To do
Print, word for word, the line containing "Rare scene as" and all lines beneath it to the end of the entries below. Pictures do not belong in the copy.

Study material section start

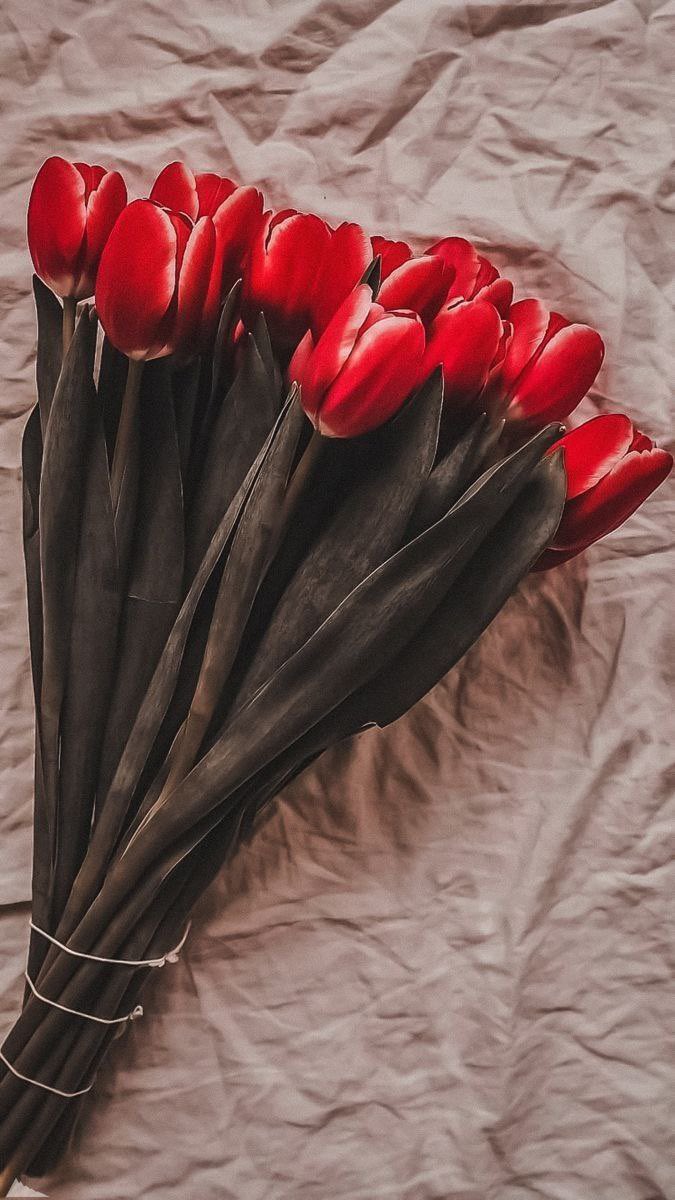 "Beklemesini bilenin her şey ayağına gelir."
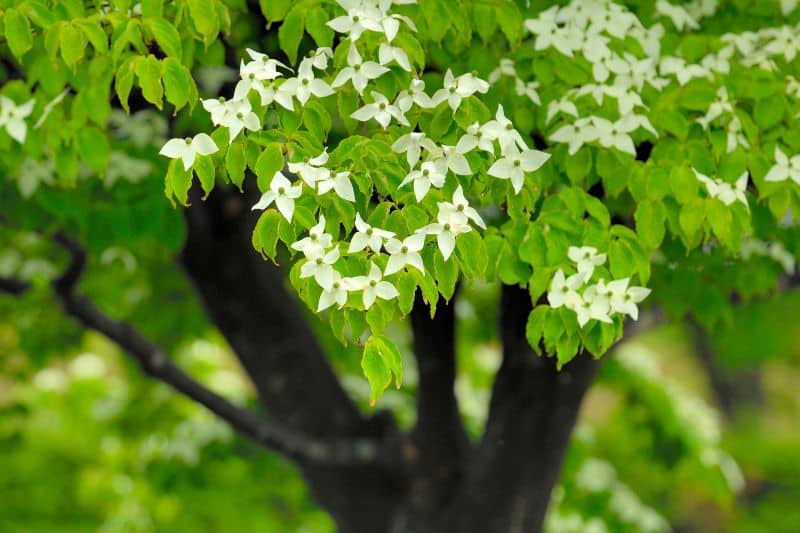 Etagen-Hartriegel (Cornus controversa)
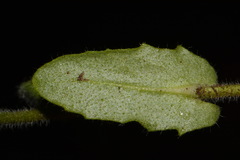 Paysonia perforata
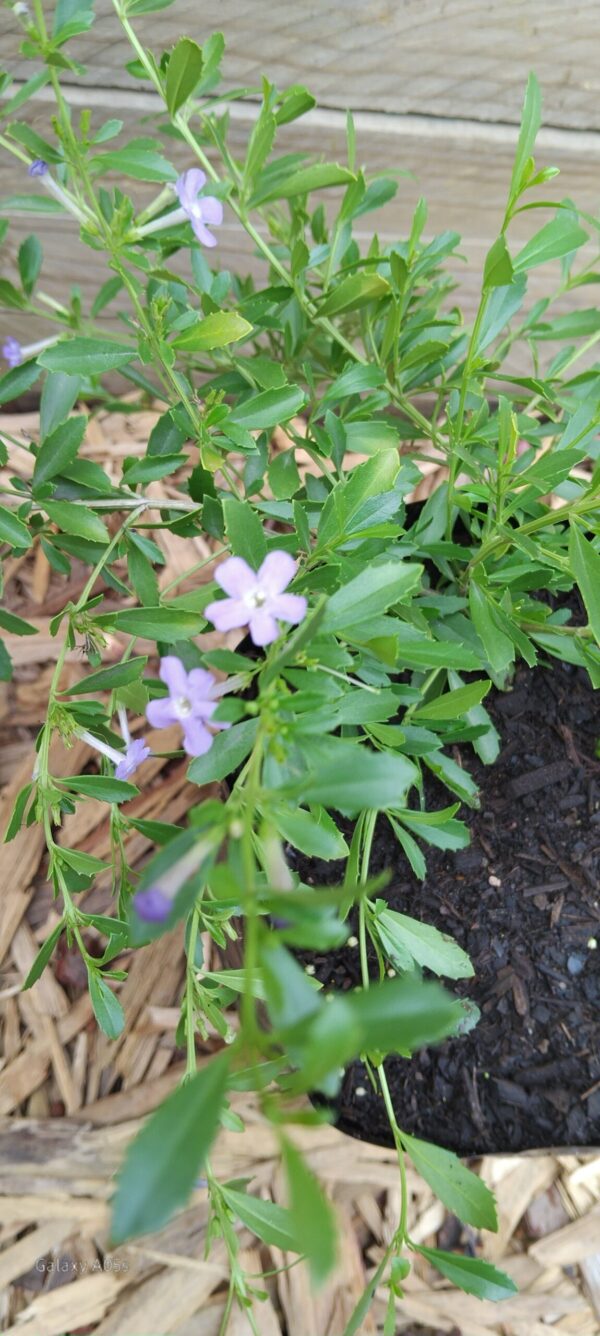 Freylinia Honey-Bell Bush
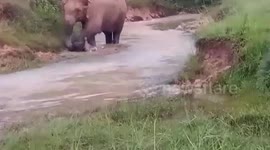 Rare scene as wild elephant escorts newborn baby home before it can even walk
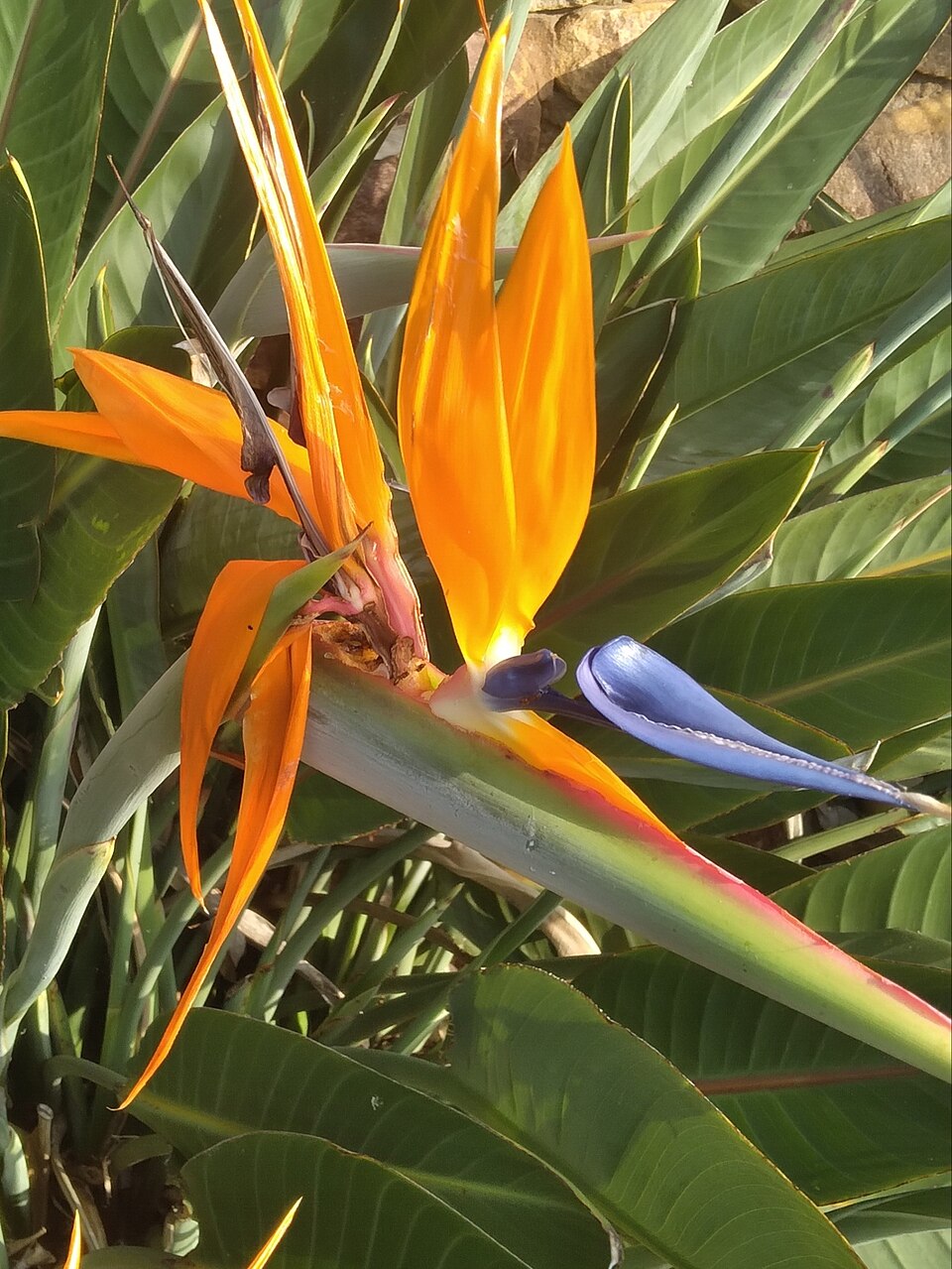 strelitzia reginae afrique du sud Strelitzia reginae photographié en Afrique du Sud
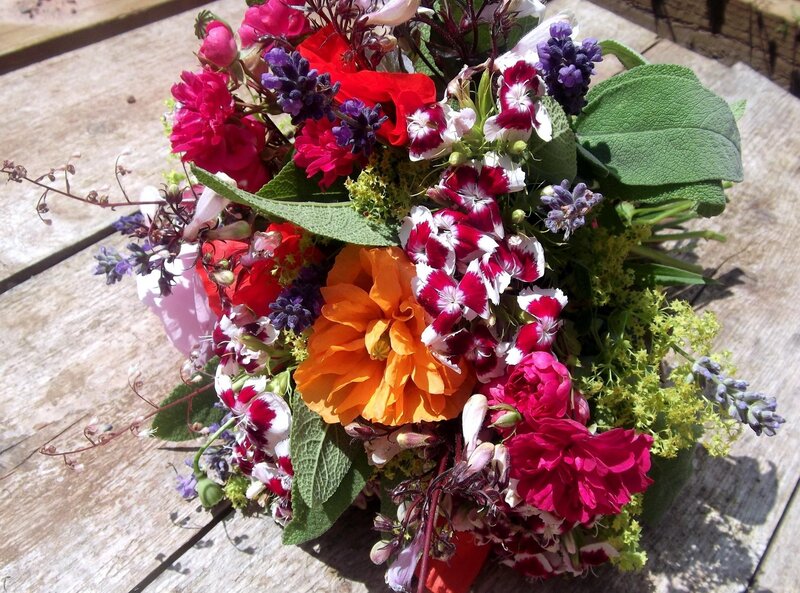 Colorful Flower Bouquet — Red, Bright, Afternoon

Study material section end

Written reply
 Rare scene as wild elephant escorts newborn baby home before it can even walk
 strelitzia reginae afrique du sud Strelitzia reginae photographié en Afrique du Sud
 Colorful Flower Bouquet — Red, Bright, Afternoon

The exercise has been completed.